Caelum leaned back against the wind and laughed. Urbeth’s eyes gleamed.

“And then…then, oh two-legged one, the seal said to me—”

“No! No!” Caelum said. “I do not want to hear what the poor seal said to try and save its life. No doubt it didn’t succeed.”

Urbeth grinned. “You are right. I sank my teeth into its back halfway through its pleading. It was boring me.”

Caelum wiped his eyes, still chuckling. He had never thought to be so amused by a story of a seal’s death, but the way Urbeth told it…

They had sat here swapping tales for what seemed like months—or was it years? Caelum had no way of gauging the time. There was only snow and cold that somehow did not perturb him, and the leap and twist of flame and words.

He remembered some vague wish he’d had as an infant to spend months wandering the northern wastes and talking
with Urbeth, but as he’d grown he’d never found the time or the energy.

Now he had the time. He and Urbeth had shared not only tales, but also knowledge. Urbeth had talked to him about the craft and the Survivor. He told her of his sins. She’d shared her own sorrow at what she’d not done, and her joy at what she’d thought not to do, but had anyway. He’d hardly believed it when, halfway through one of her soliloquies, he’d realised her true identity.
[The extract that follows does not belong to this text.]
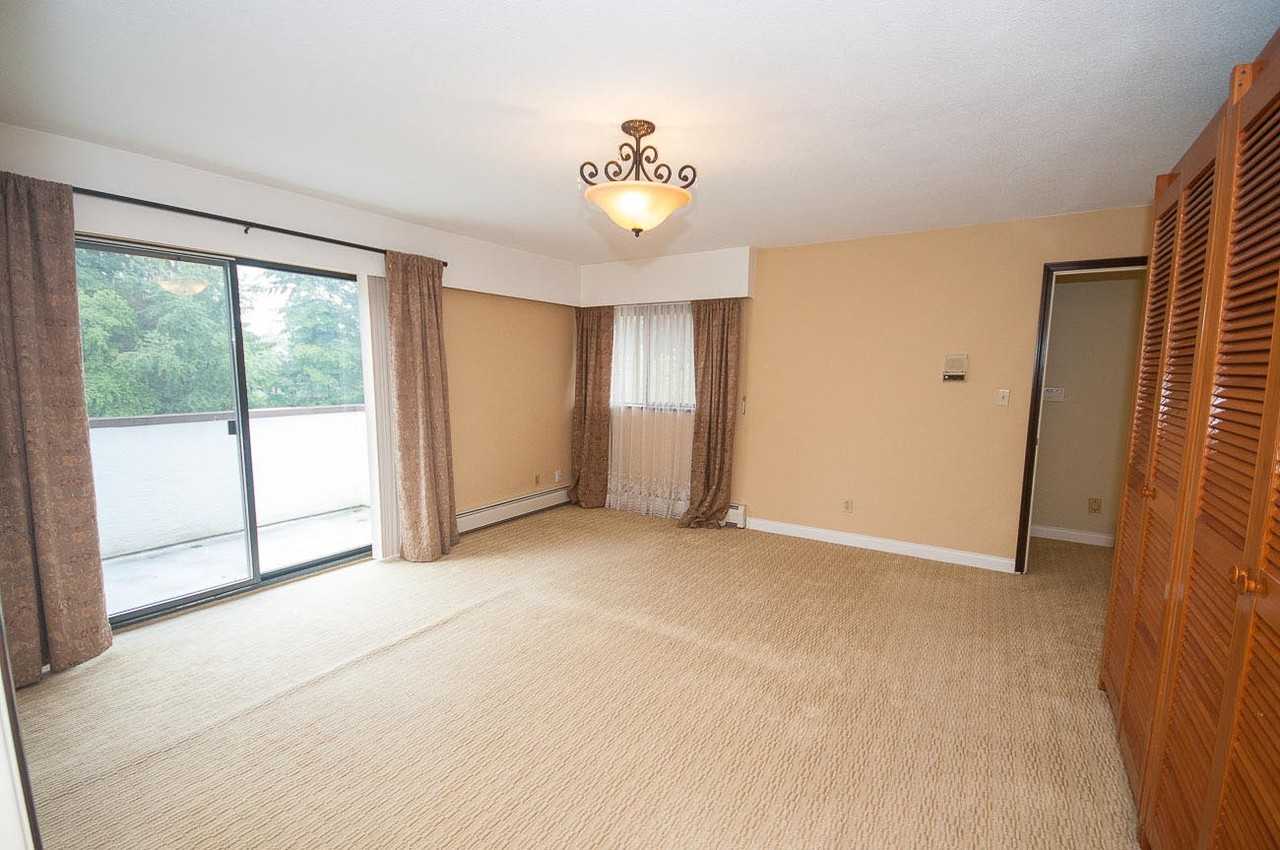 2131 Kirkstone Road - Photo 6 of 11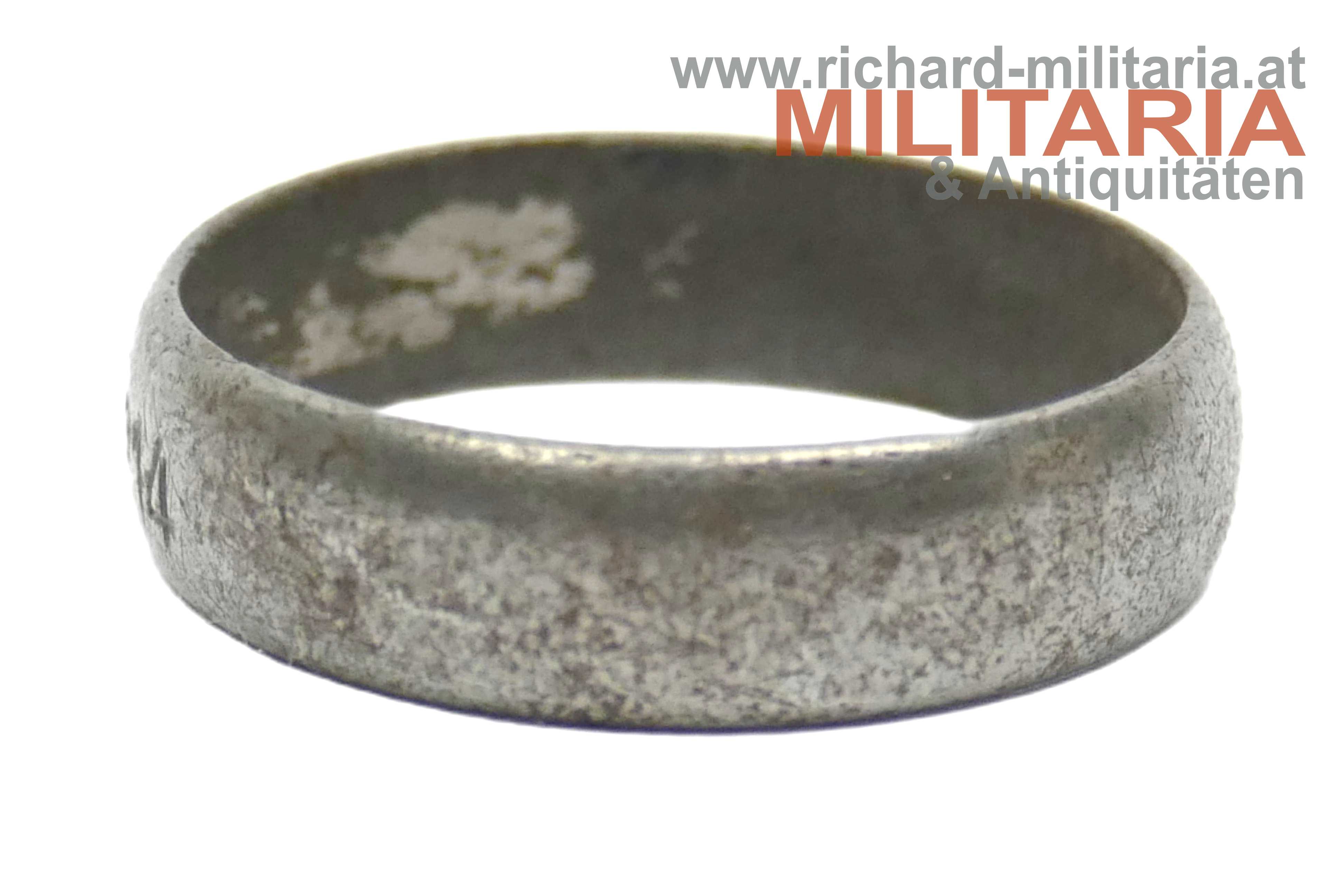 Patriotischer Ring "Gold gab ich für Eisen 1914"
Stars! She’d seen the look in his eye, and had nodded briefly, but that was the only concession either she or he had made to her ancient role as Mother of Races.

Mostly, Caelum had simply rediscovered the joy in life—something he realised he’d lost a long, long time ago.

“Ah,” said Urbeth, looking over Caelum’s shoulder at something approaching from the south.

He twisted about, expecting to see Drago, but all he saw were what he first thought looked like two small white donkeys, then gradually materialised into two great icebears, almost as large as Urbeth herself.

“My daughters,” Urbeth said. “I would wager they have a tale or two to add to the warmth of this fire.”

61
The Bloodied Rose Wind


W
ell?” Zenith asked anxiously, staring at StarDrifter. There was peace between them, although as yet neither was at ease with that peace. Despite StarDrifter’s unconditional love, and his immense patience in a situation where he’d never before had to be patient, Zenith still felt guilty. As for StarDrifter, he felt as if Zenith might flinch every time he so much as glanced at her.

“They are there,” he said quietly. He looked beyond the screen of trees and across the Lake.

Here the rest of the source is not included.